AKP hükümetinin uyguladığı yeni yasal düzenlemeler ve teknik önlemler, dijital alanda ifade özgürlüğünü kısıtlayıcı etkiler yaratırken, artan erişim engellemeleri ve içerik kaldırma talepleriyle çevrim içi haklar ciddi anlamda baskı altında.

Raporda, mobil internet hızlarındaki artışa rağmen, sosyal medya paylaşımları nedeniyle verilen uzun hapis cezaları, hükümete yönelik eleştirel içeriklerin sansürlenmesi ve çevrim içi alanın hükümet kontrolüne tabi tutulması, 2023-2024 döneminin en dikkat çekici gelişmeleri arasında yer alıyor.

İnternet özgürlüğü üzerindeki artan baskılar

Freedom House raporuna göre, Türkiye’de internet özgürlüğü üzerindeki baskılar, hükümetin uyguladığı yasal düzenlemeler ve sansür politikalarıyla daha da yoğunlaştı.
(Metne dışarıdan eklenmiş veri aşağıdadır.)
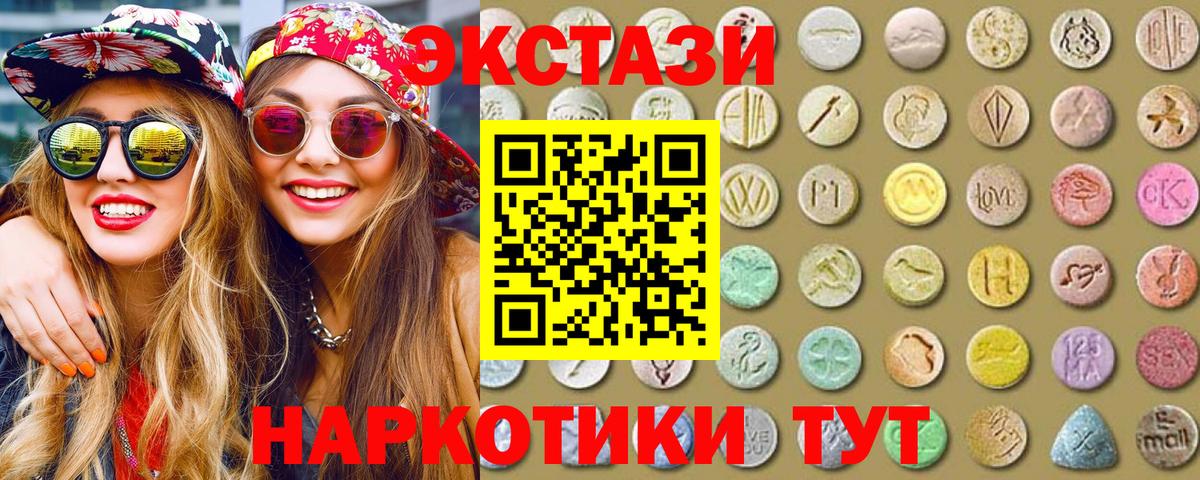 Экстази Philipp Plein  Экстази  Вход с VPN  Россошь  Ecstasy 280мг 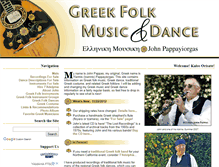 Tablet Screenshot of greekfolkmusicanddance.com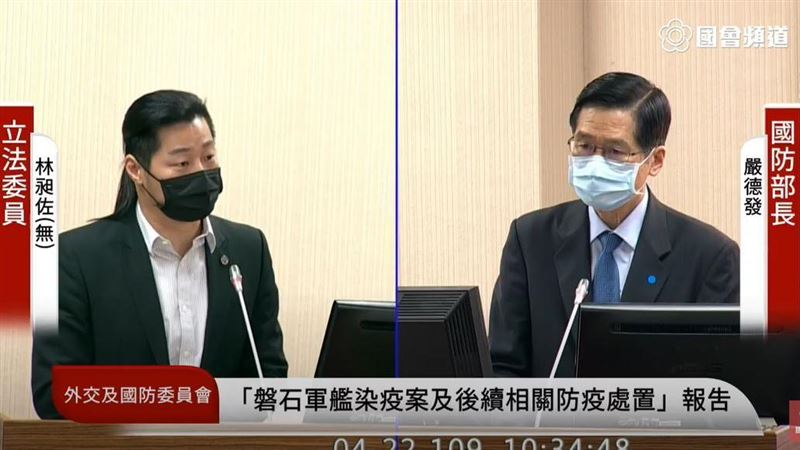 嚴德發坦承：228連假有官兵下艦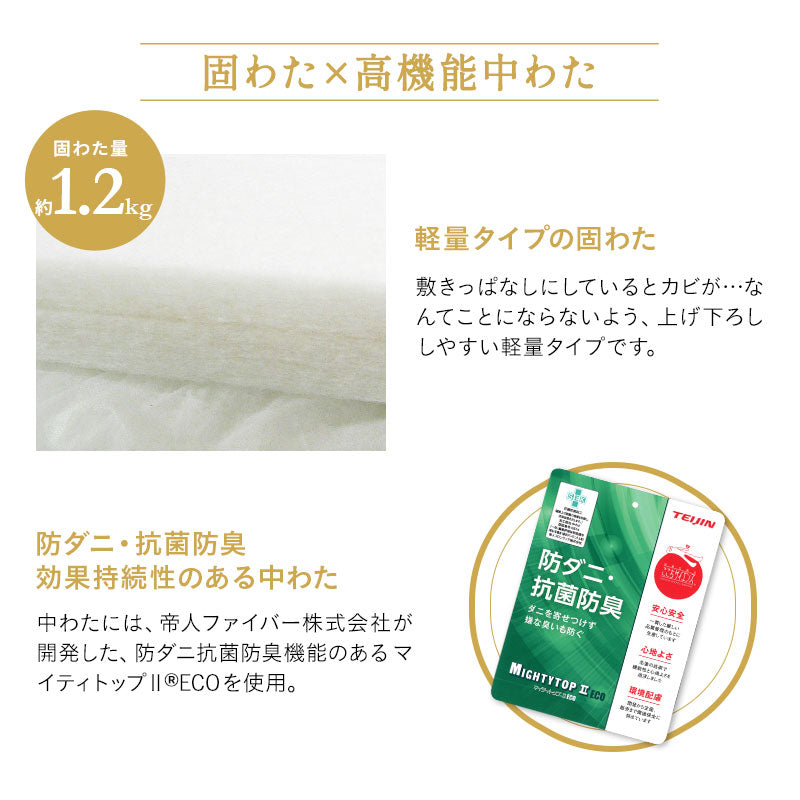 長座布団 Lサイズ 約65×180cm 日本製 抗菌 防臭 防ダニ 選べる中材タイプ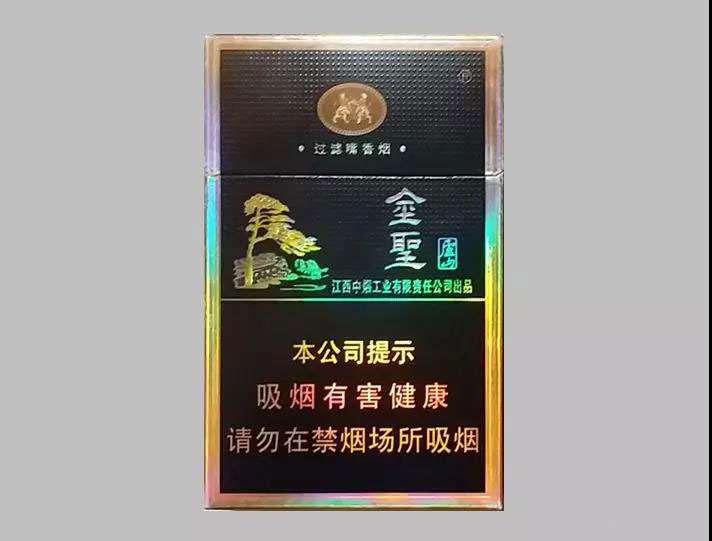 金圣（庐山）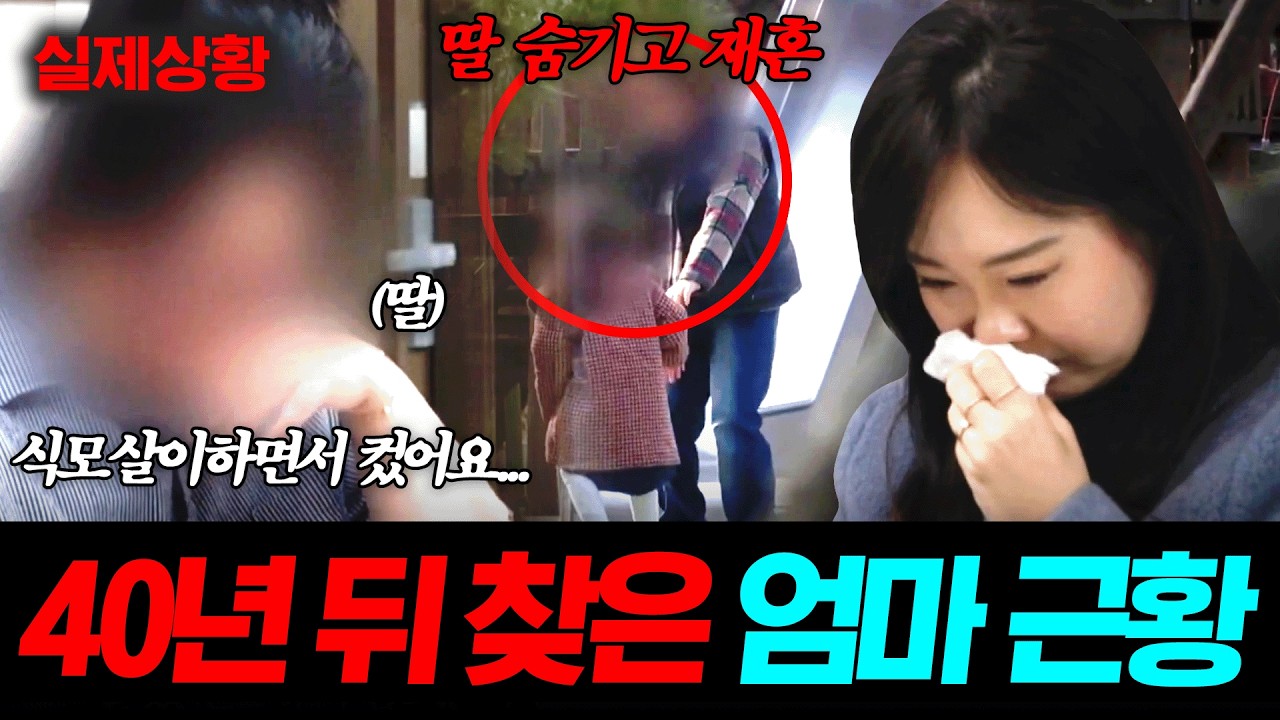 ※현장 목격※ 40년 만에 드디어 찾은 엄마! 하지만 딸이 찾고 있다는 소식에 싸늘하게 반응하는데..?💥 | 탐정들의 영업비밀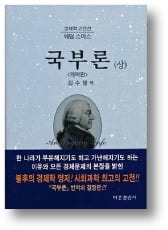 [책마을] '보이지 않는 손'을 과연 만능의 손이라고 했을까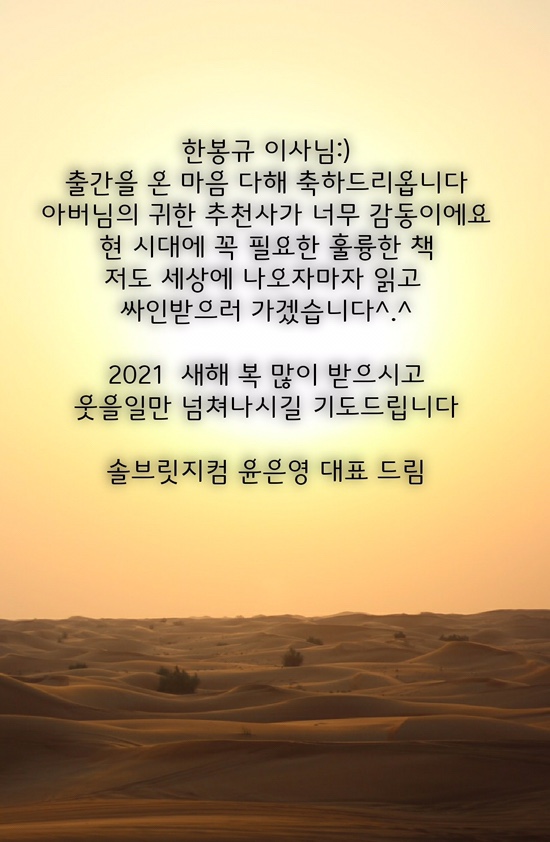솔브릿지컴 이미지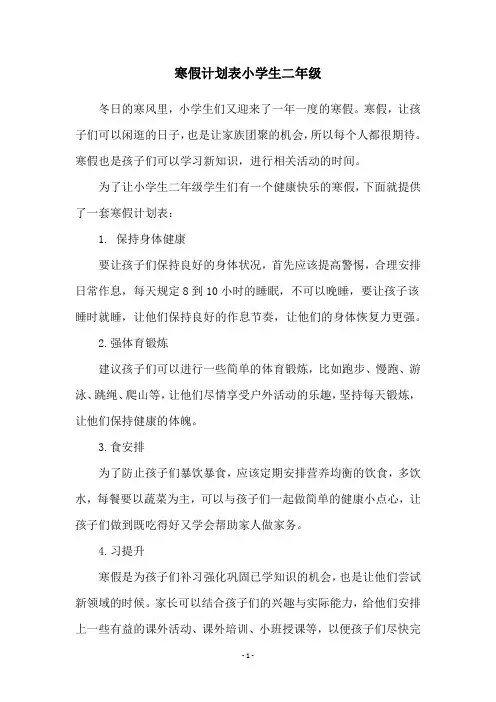 寒假计划表小学生二年级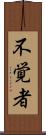 不覚者 Scroll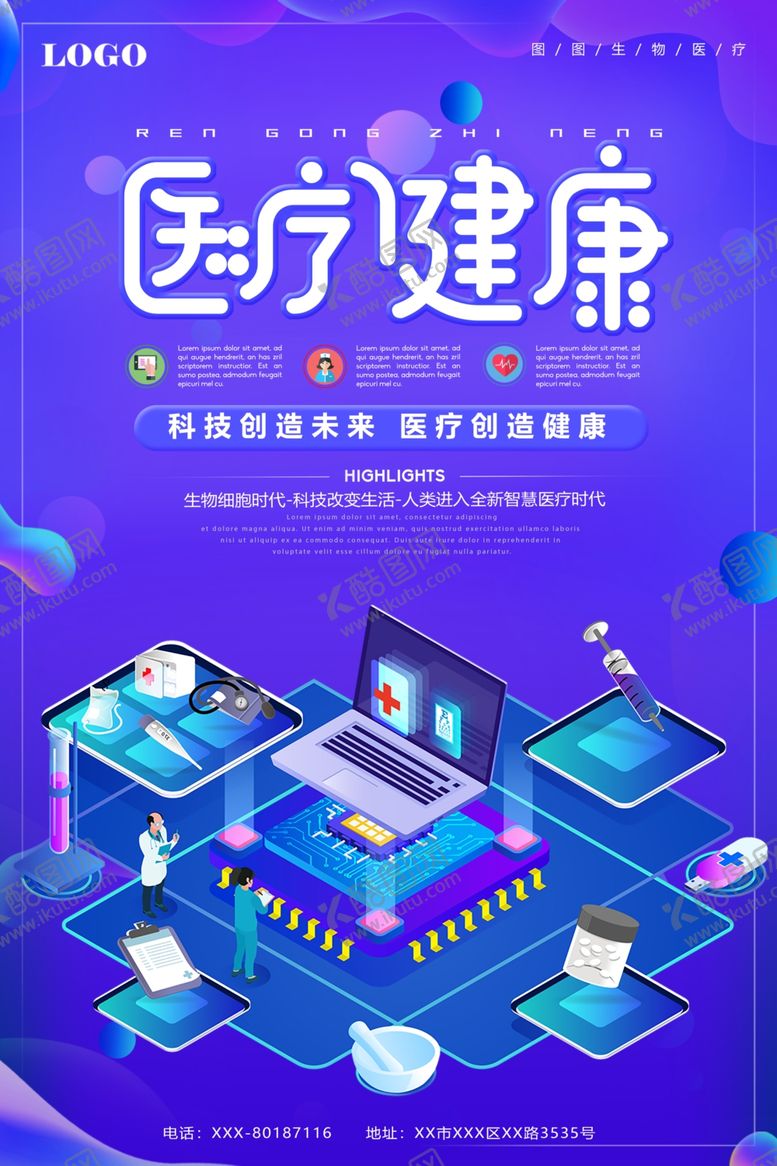 编号：45796804010513538346【酷图网】源文件下载-医疗健康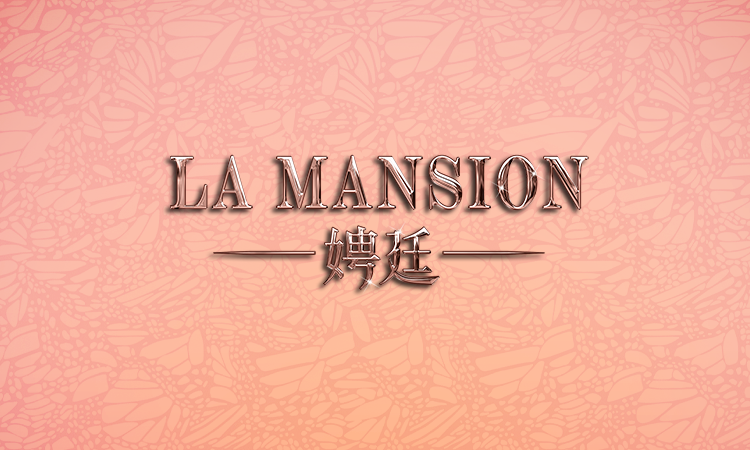 娉廷 LA MANSION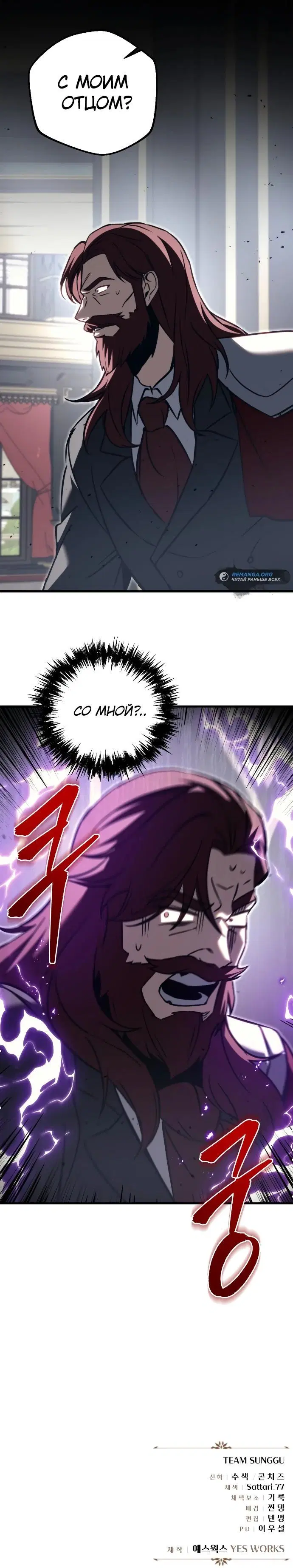 Page 9.001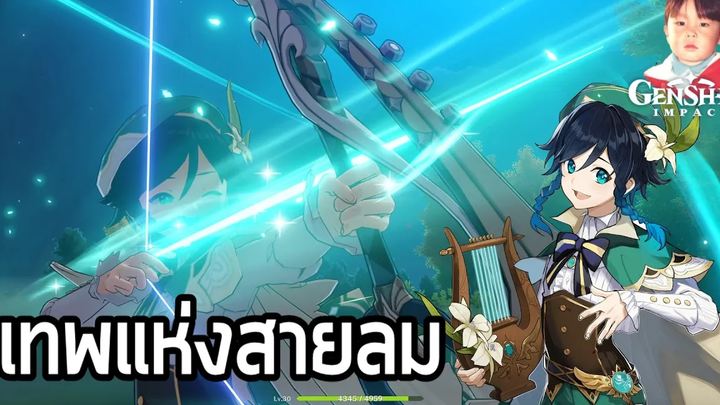 Genshin Impact เทพแห่งสายลม Venti เค้าว่ากันว่ามันดีมาก ไปไหนได้หมด !!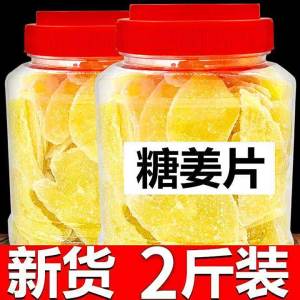 Snack Ready-to-eat Handmade Ginger Slices 1000g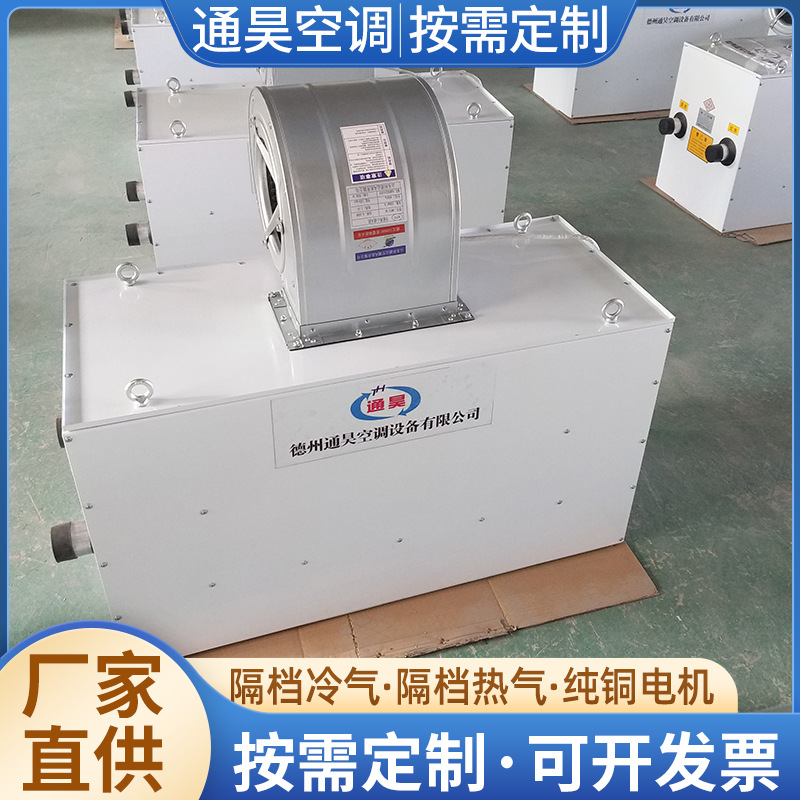 源头工厂商用空气幕自然风风幕机 商场冷风幕贯流式低噪音风幕机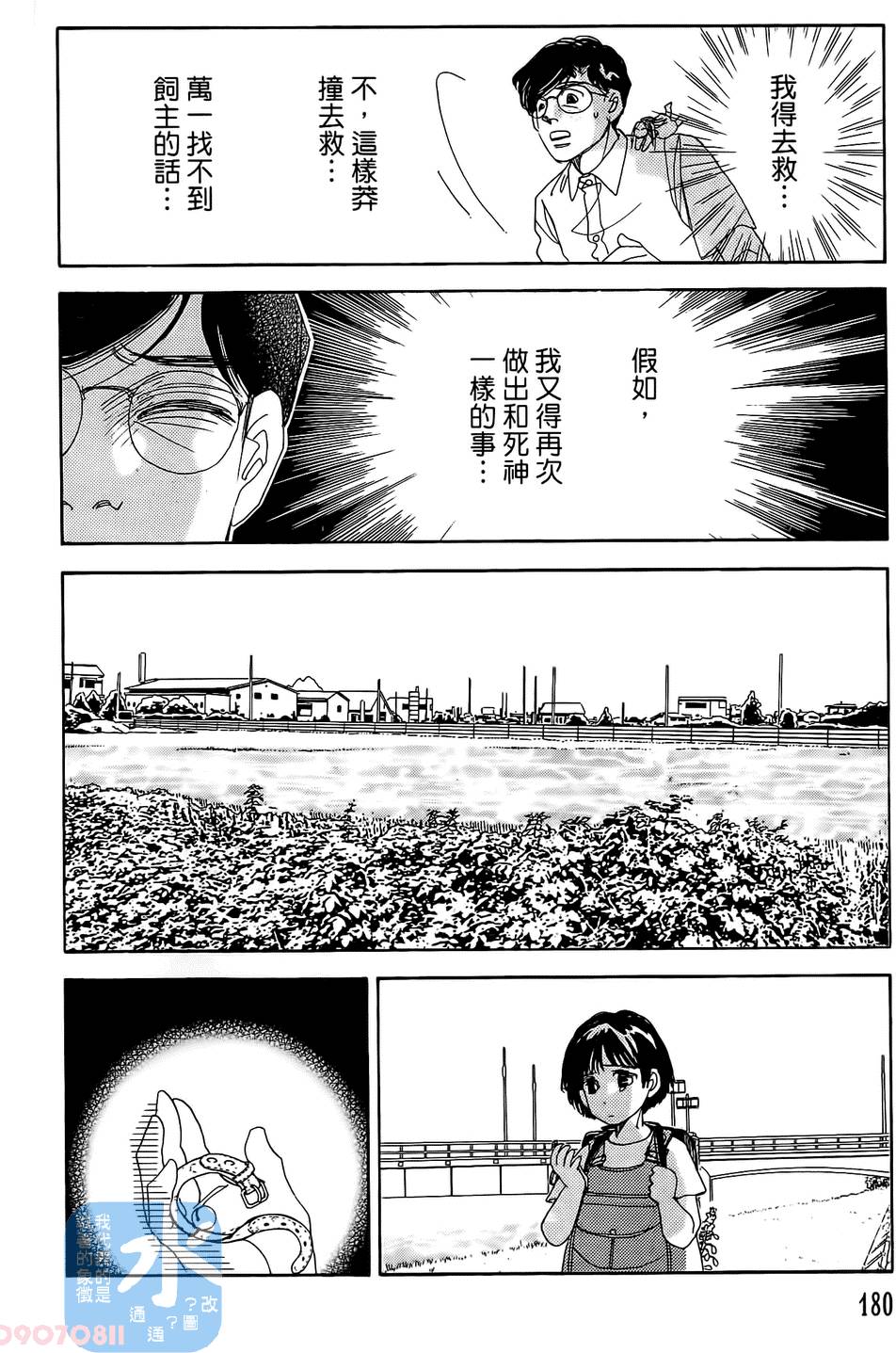 第177页
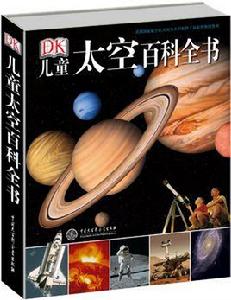 DK兒童太空百科全書 DK兒童太空百科全書
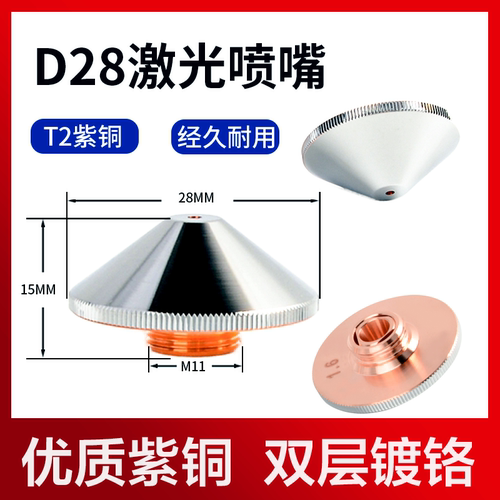 激光切割机喷嘴D28单2.0双层1.5光纤激光铜头配件割嘴万顺兴宏山 - 图1
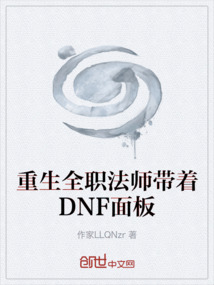重生全職法師帶著DNF面板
Özellikle sosyal medya platformları üzerindeki kısıtlamalar, ifade özgürlüğünü sınırlayan en önemli unsurlardan biri haline geldi. 2023 yılında, hükümetin sosyal medya platformlarında hükümet karşıtı içerikleri engellemek amacıyla yürürlüğe koyduğu yeni düzenlemeler, platformların Türkiye’de temsilcilik açmalarını zorunlu hale getirdi.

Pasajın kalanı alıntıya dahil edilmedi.